A small group of elusive neurons in the brain's cortex play a big role in ALS (amyotrophic lateral sclerosis), a swift and fatal neurodegenerative disease that paralyzes its victims. But the neurons have always been difficult to study because there are so few of them and they look so similar to other neurons in the cortex.
In a new preclinical study, a Northwestern Medicine® scientist has isolated the motor neurons in the brain that die in ALS and, for the first time, dressed them in a green fluorescent jacket. Now they're impossible to miss and easy to study.
The cells slide on neon jackets when they are born and continue to wear them as they age and become sick. As a result, scientists will now be able to track what goes wrong in these cells to cause their deaths and be able to search for effective treatments.
"We have developed the tool to investigate what makes these cells become vulnerable and sick," said Hande Ozdinler, senior author of the study and assistant professor of neurology at Northwestern University Feinberg School of Medicine. "This was not possible before."
Ozdinler and colleagues also identified the motor neurons that don't die, enabling scientists to study what protects them.
The study will be published in the Journal of Neuroscience on May 1.

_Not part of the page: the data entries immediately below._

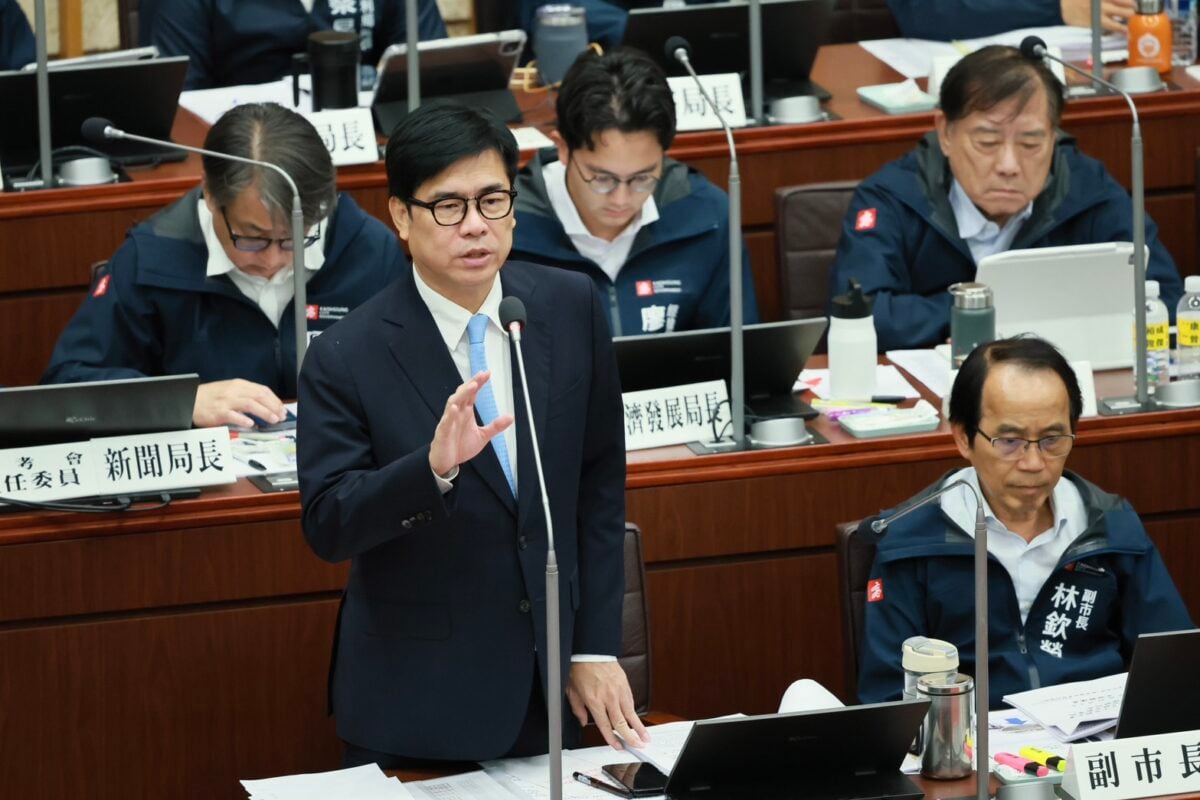 特教課照、夜間臨托再加碼　陳其邁：檢討待遇擴大照顧量能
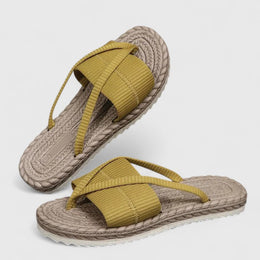 Georgia | Women's Cross-Strap Comfort Sandals — Willow & Wren Melbourne
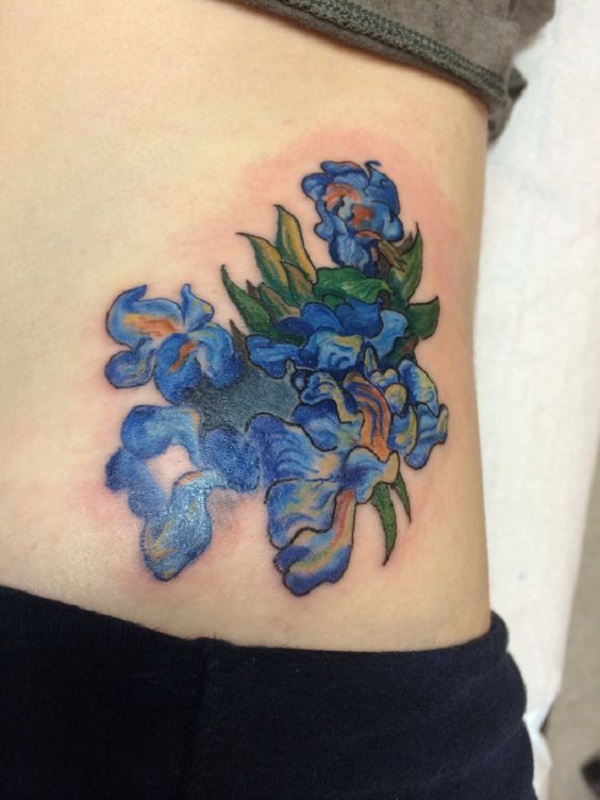 45 Amazing VINCENT VAN GOGH TATTOOS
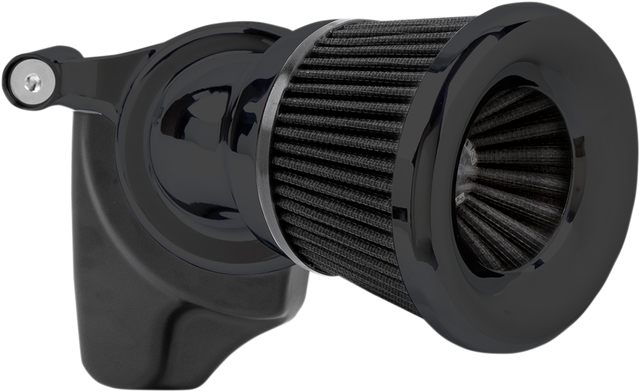 ARLEN NESS Velocity 65° Air Cleaner Kit - Black 81-204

ALS, also known as Lou Gehrig's disease, causes the death of muscle-controlling nerve cells in the brain and spinal cord (motor neurons). It results in rapidly progressing paralysis and death usually within three to five years of the onset of symptoms.
There are about 75,000 upper motor neurons affected in ALS out of some 2 billion cells in the brain. Previously, the only way to study the upper motor neurons was to extract them through surgery, a difficult process that was beyond the scope of most scientists and still didn't allow examination of the ailing neurons at various stages of the disease.
"You couldn't study them at the cellular level, so the research field ignored them," Ozdinler said. She is one of the few scientists in the country who studies cortical motor neurons. Most of ALS research has focused on the death of motor neurons in the spinal cord.
Key puzzle piece: Why ALS moves so swiftly
But the brain's motor neurons are a key piece of the ALS puzzle. Their disintegration explains why the disease advances more swiftly than other neurodegenerative diseases. It had previously been thought that the spinal motor neurons died first and their demise led to the secondary death of the brain's motor neurons. But Ozdinler's recent research showed that the motor neurons in the brain and spinal cord die simultaneously.
"The whole system collapses at once," Ozdinler said. "It's degeneration from both ends which is why the disease moves so swiftly."
Every voluntary movement is initiated and modulated by upper motor neurons -- answering a cell phone, typing an email, walking to the store. The upper motor neurons tell the spinal motor neurons what to do. In ALS, both the directing neurons and the neurons that create the movement disintegrate at the same time.
Finding the light that never goes out
Ozdinler spent the last four years figuring out how to permanently sheath cortical motor neurons in fluorescence.
Although scientists can flag spinal cord motor neurons in fluorescence, it wears off as the neuron ages because the process uses an embryonic gene. Ozdinler wanted a longer lasting effect so scientists could study the neuron as it ages and develops ALS. She sorted through 6,000 upper motor neuron genes that are vulnerable to ALS before she found one -- UCHL1 -- that is expressed through adulthood.
She used that gene -- which had been cloned with the fluorescence molecule -- and created a mouse model whose upper motor neurons shimmer in green. Then she mated that mouse with an ALS transgenic mouse model. The result is a mouse with fluorescent diseased motor neurons in the brain.
"Now we have a model of one motor neuron population that dies and one that is resistant," Ozdinler said. "That's the perfect experiment. You can ask what does this neuron have that makes it resistant and what does the other one have that makes it vulnerable? That's what we will find out."
Marina Yasvoina, a graduate student, and Baris Genc, a postdoctoral fellow, both in Ozdinler's lab, are the lead authors of the paper. Ozdinler collaborated with Gordon Shepherd, associate professor of physiology, and C.J. Heckman, professor in physiology, both at Feinberg.
"This work was possible thanks to the collaborative nature of Northwestern," Ozdinler said.